> Exercise goal
Print out the full material below, exact in every line, with no images included.

> Dataset section
++++++++++
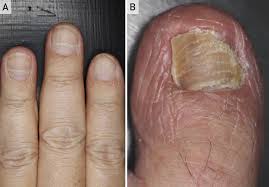 Image result for Beau lines feet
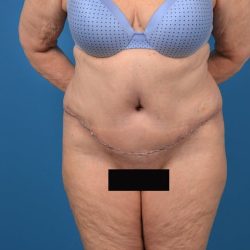 Abdominoplasty Before & After Patient #1274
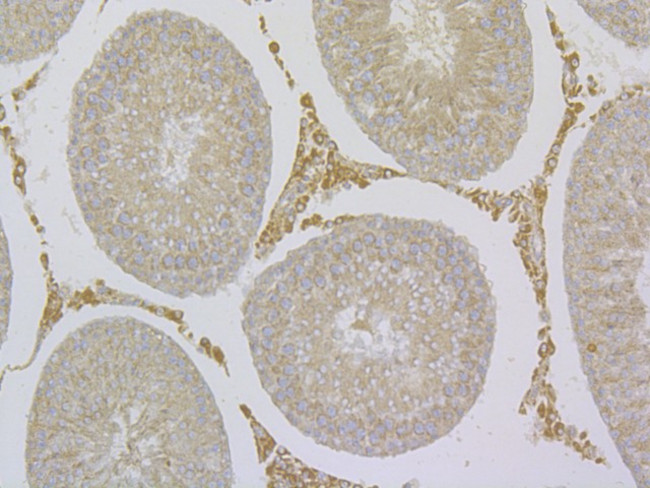 TRPV6 Antibody in Immunohistochemistry (Paraffin) (IHC (P))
++++++++++
> Answer to this task
 Image result for Beau lines feet
 Abdominoplasty Before & After Patient #1274
 TRPV6 Antibody in Immunohistochemistry (Paraffin) (IHC (P))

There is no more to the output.